The Gas-Cooled Fast Reactor (GFR) system features a fast-neutron-spectrum, helium-cooled reactor and closed fuel cycle.
The high outlet temperature of the helium coolant used in the GFR system makes it possible to deliver electricity, hydrogen, or process heat with high efficiency. The reference reactor is a 1200-MWe helium-cooled system operating with an outlet temperature of 850 degrees Celsius using a direct Brayton cycle gas turbine for high thermal efficiency.
Several fuel forms are candidates that hold the potential to operate at very high temperatures and to ensure an excellent retention of fission products: composite ceramic fuel, advanced fuel particles, or ceramic-clad elements of actinide compounds. Core configurations may be based on prismatic blocks, pin- or plate-based assemblies. The GFR reference has an integrated, on-site spent fuel treatment and refabrication plant.
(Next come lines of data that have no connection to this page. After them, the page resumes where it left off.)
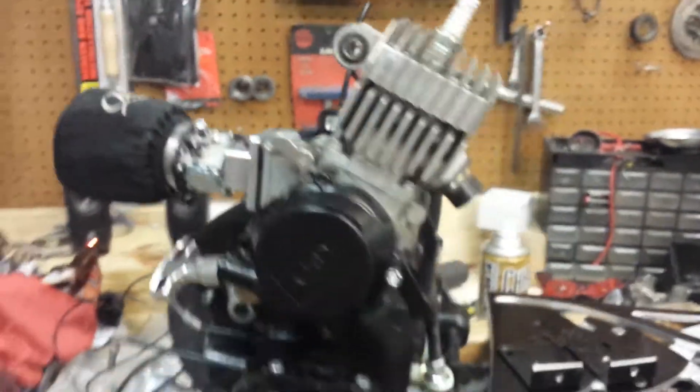Right here there is a hinge where the engine can tilt forward. And this seems to be a chain tensioning device.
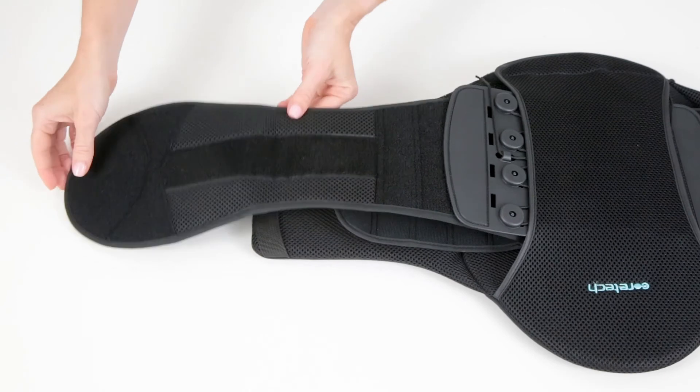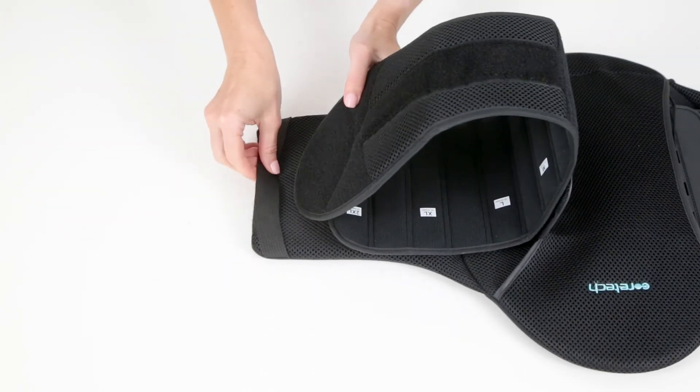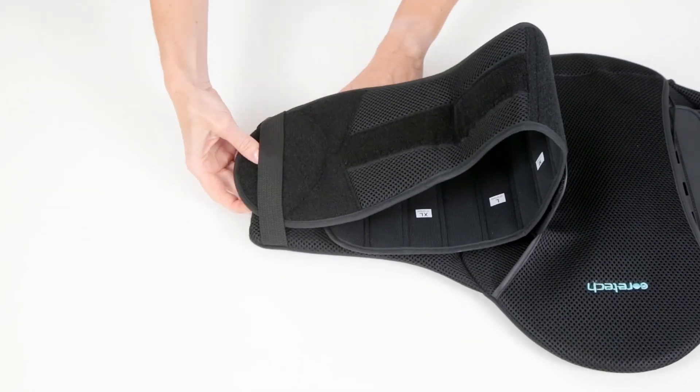The side panels have a strap to help keep the straps in place.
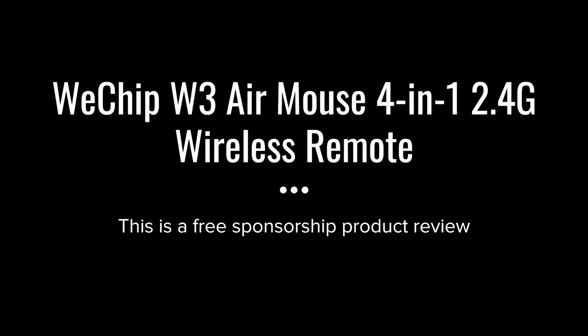Hey everyone, welcome back to the channel. This is Pin Dropping, yet another review. Today's review is going to be on the WeChip W3 Air Mouse 4-in-1 2.4G wireless remote. This is also a free sponsorship product review — the sponsor is WeChip. Let's get started.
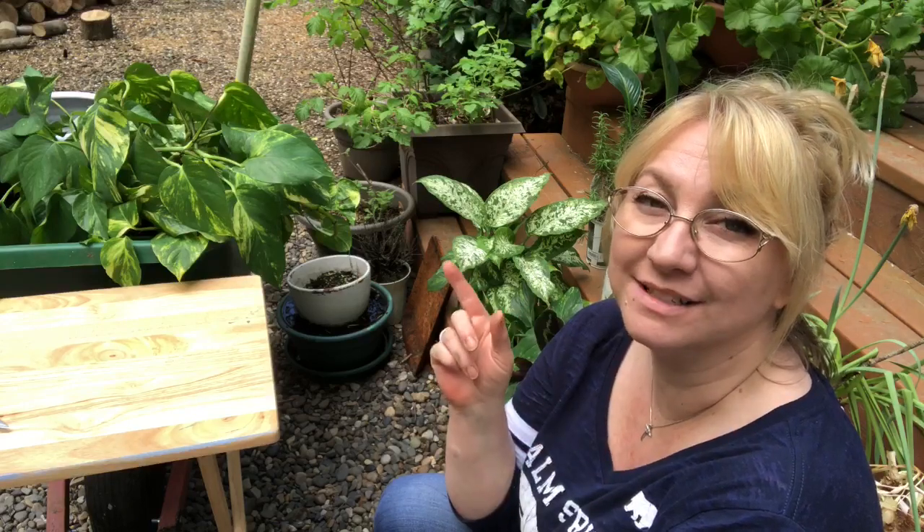Hello friends, welcome back. Today I'm going to be repotting some houseplants. Some of them are new and some of them are old, but they all need to be put in a bigger pot. I'm going to show you how to transplant them — for those that don't already know — what size is best to upsize to, and what to do if it needs to be repotted and you don't have a bigger pot.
The GFR uses a direct-cycle helium turbine for electricity generation, or can optionally use its process heat for thermochemical production of hydrogen. Through the combination of a fast spectrum and full recycle of actinides, the GFR minimizes the production of long-lived radioactive waste. The GFR's fast spectrum also makes it possible to use available fissile and fertile materials (including depleted uranium) considerably more efficiently than thermal spectrum gas reactors with once-through fuel cycles.
Advantages and challenges
It is anticipated that GFR systems will minimise the production of long-lived radioactive waste and make it possible to utilize fissile and fertile materials (including depleted uranium) two orders of magnitude more efficiently than thermal spectrum systems. The key challenges associated with this system concern the development of new fuels and materials capable of operating at temperatures of 850°C, the core design and helium turbine. The innovative GFR technologies and design features are intended to overcome the consequences of using a high-pressure gas with poor thermal characteristics to cool down a core with a low thermal inertia during depressurization events.
GIF progress in 2007
Negotiations to put in place GFR research projects in the integration, design and safety of GFR systems, the fast neutron fuel, core materials and fuel cycle processes specific to the GFR system, advanced during 2007 with the finalization of a System Research Plan. The aim is to have an experimental technology demonstration reactor (which will be used as an R&D tool) in place by 2020.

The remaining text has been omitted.